Fire gives both light, and heat. It has been used to cook, to purify, to bake pottery and to forge metals. It illuminates the gloom—the inner darkness as well as a frigid night. It can bring hope.
More than anything, fire has brought people together to form bonds. We are drawn to it in our hearths and around our campfires where there is warmth not just from the flames, but from intellectual and spiritual contacts with others.
In religious traditions, fire has often symbolized the supernatural. It could be a burning bush, tongues of fire, or even the eternal torments of hell.
Fire can be an inferno—hell on earth. It has destroyed homes, neighborhoods, and entire cities. It has taken unknown numbers of lives and wreaked terror and grief through millennia.
So, why do we have beautiful paintings of human tragedy by great artists? What is the mesmerizing attraction? Maybe it’s the dramatic contrast of the deep darks of the night against the explosion of consuming flames. Maybe it’s the paradox of life feeding on death: beauty born of flame and the trauma and desolation of dreams turned to ashes.
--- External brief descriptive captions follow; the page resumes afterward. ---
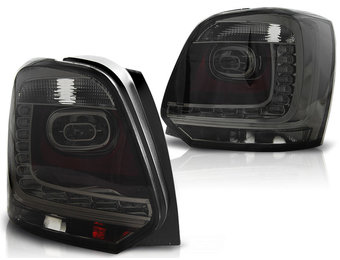Achterlichten geschikt voor VW Polo 09-14 smoke LED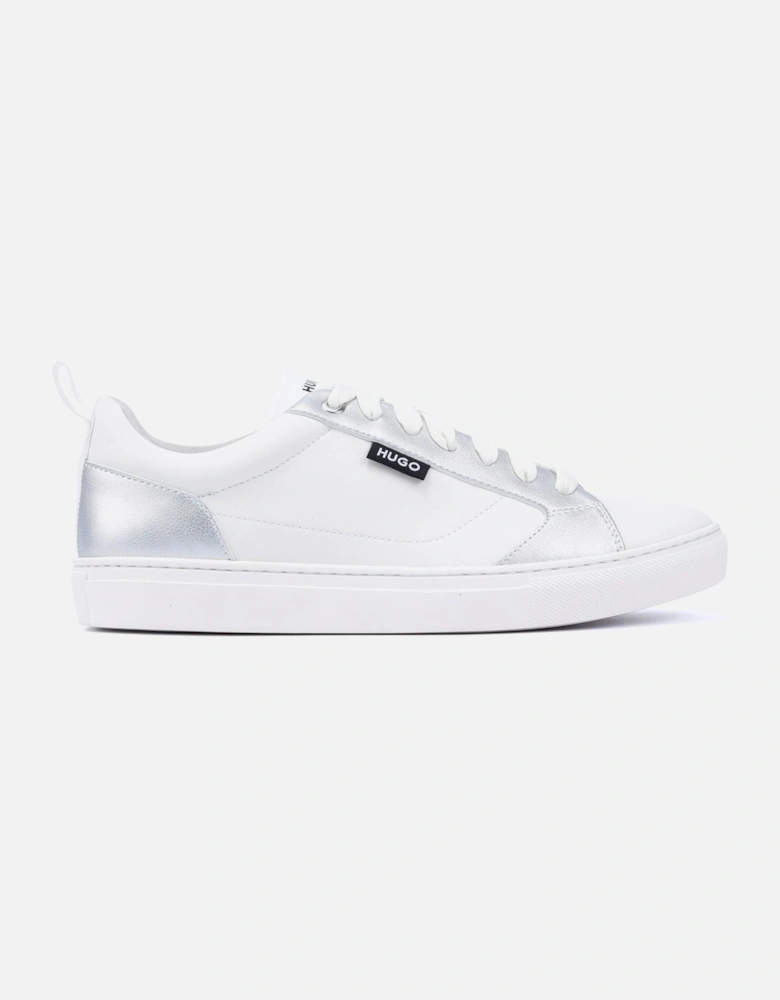 Hugo Morrie Tennis Women's White/Silver Trainers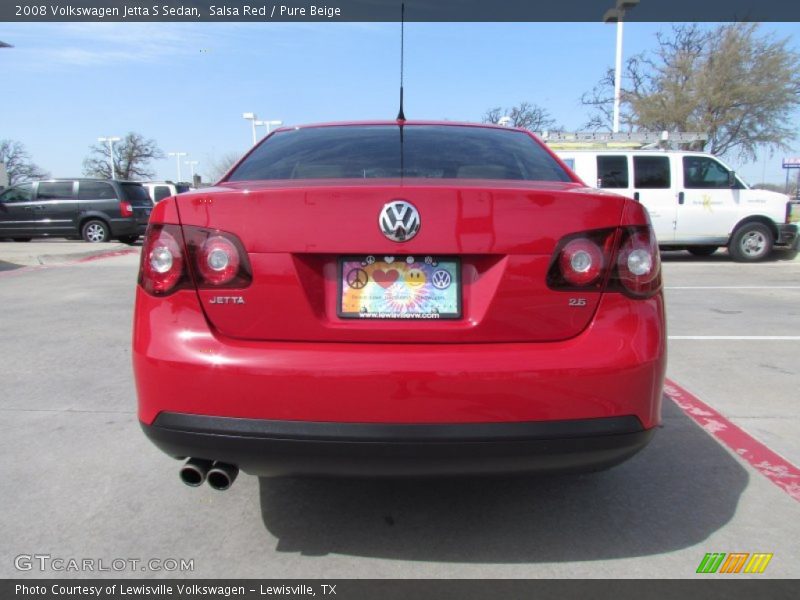 Salsa Red / Pure Beige 2008 Volkswagen Jetta S Sedan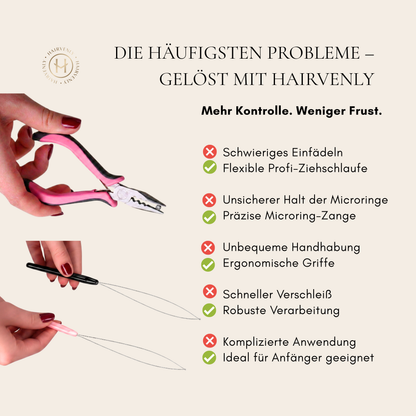 Microring Werkzeug-Set: Zange & Ziehschlaufe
Maybe it’s that trauma burning inside the artist that impels the passion to create—to reach for answers—to rise above black despair and reach for the glow—to find the spiritual.
Flames
The words heat and flame are used in so many ways...especially in slang. In art, heat can be captured in various ways. "Flame" is difficult in both technique and emotions, and still be a work of art.
I've seen christian writers uses the pan taking on the heat of the flame as an analogy for sanctification and divinization, likely drawing on the burning bush image and Zoroastrians speak of eternal fire as the highest self.